Civil conflict can be expressed in terms of political mitosis: out of a stem political cell, two others arise, identical to the first one, yet distinct. The original is lost and cannot be recovered, while the descendants become subjects with their own destinies. Politics is downstream from culture; civil conflict arises from cultural differences of extreme intensity. If civil conflict is a product of cultural differentiation, political mitosis is the consequence of a memetic process. At risk of taking the metaphor way too far, I propose using the model of cell reproduction to discuss the cycle of civil conflict generation.

The interphase of the cycle is defined by the continuous, natural synthesis of memetic material within a disorganized, indistinct, non-partisan cultural nucleus. This is an ideal, abstract stage outside of internal political conflict. Many kinds of stimulus can break this state and induce political mitosis: scientific or technological advances, economic conditions, and of course mitosis of nearby polities. In any case, when the necessary environmental conditions are present, political mitosis is triggered and the cycle begins.

Mitosis begins with a prophase in political discourse, during which memetic material condensates into a more defined or explicit form: the contentious topic. Culture involves vast amounts of information of almost any kind, so there are infinite possible cultural distinctions to be made: star sign, taste in music, favourite color… Nonetheless, certain cultural distinctions tend to be more significant than others, like religious behavior, spoken language or socioeconomic status. Thus, memes and memeplexes of a culture tend to organize around this contentious topics. At this stage, the contentious topic exists only as an abstraction, a just-now-discovered concept.

Once the contentious topic is defined, however, a whole discursive apparatus begins to organize spontaneously around it in the form of possible arguments for or against it. There is no will directing this organization: claims are just thrown into the pile to bend opinion on the topic one way or the other. The political discourse may appear under the guise of factual claims, but there is no such thing. Political arguments, as per our analysis, are just a set of cultural, discursive forces which can pull apart the political cell. Facts do not matter, only interpretations of facts, and this includes interpretations of imaginary facts. The build-up of political discourse around the packed memetic material corresponds to prometaphase. We can summarize it as the unfolding of everything that can be said in respect to the contentious topic, so that two cultural forces of opposite direction form.

The next stage, metaphase, is the sudden, shared realization that there are two social positions in regard to the contentious topic. Metaphase signals the transformation of the cultural into the political by the formation of two opposite camps: at this stage, opposite cultural forces become a political distinction. Culture war is unleashed, bringing forth anaphase, which is the consolidation of the political difference, marked by a chasm between the two positions on the contentious topic.

There is no way to win the culture war, in the sense that nobody convinces anyone to change sides.

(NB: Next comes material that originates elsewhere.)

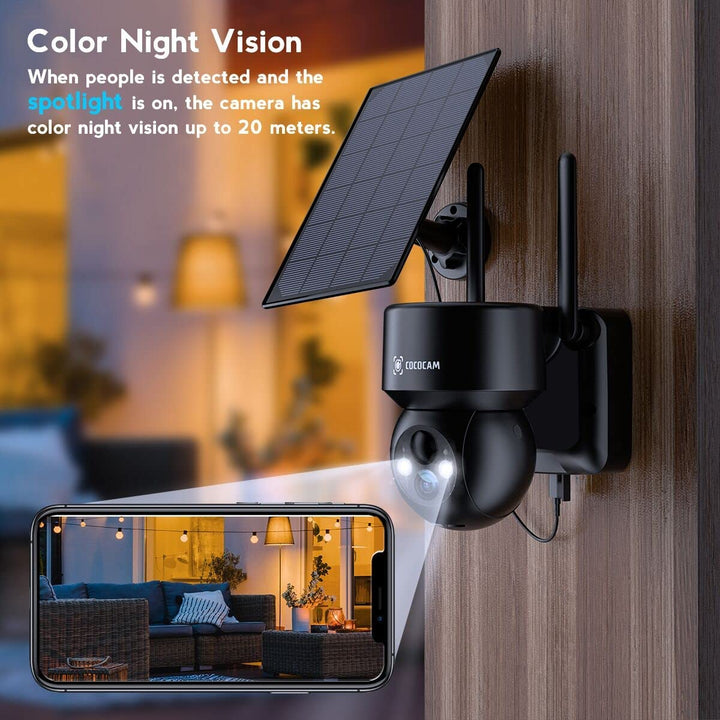 COCOCAM Solar Battery ソーラー防犯カメラ Amazon.co.jp: COCOCAM 防犯カメラ 屋外 ソーラー 3MP 2304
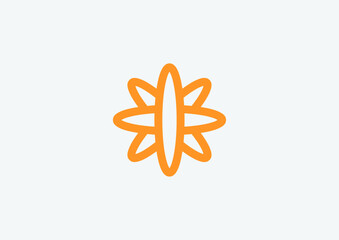 abstract floral design | abstract logo design | physics Logo | Flower logo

Two parallel political units are born and stand in the place of the original one: we are now in the telophase, the end-game of the process. It is perfectly possible that, of the two daughter polities, one of them ends up dying out because it fails to keep synthesizing its memetic material in the original form, or it evolves so much that in the process ends up resembling its former enemy.

Christianity is a good example of this kind of converging evolution. After centuries of ideological and actual warfare against heretics, many modern Catholics share the majority of their cultural values with Protestants. This is not because Protestants have progressively convinced Catholics to accept their views. The reverse is equally false, and neither has there ever been an official decision to end hostilities; animosity simply has died out between the two religious communities, and they are now mostly friendly in political terms. And how could they not be? After all, as political units, they share most environmental pressures, so they tend to evolve in a similar way.

In summary, civil conflict of a cultural nature is born when, out of the indistinct mass of cultural (memetic) material, certain elements become condensed into discursive realities. These realities become political distinctions, which imply the establishment of a relation of enmity. In later posts, specific instances of this dynamic will be discussed.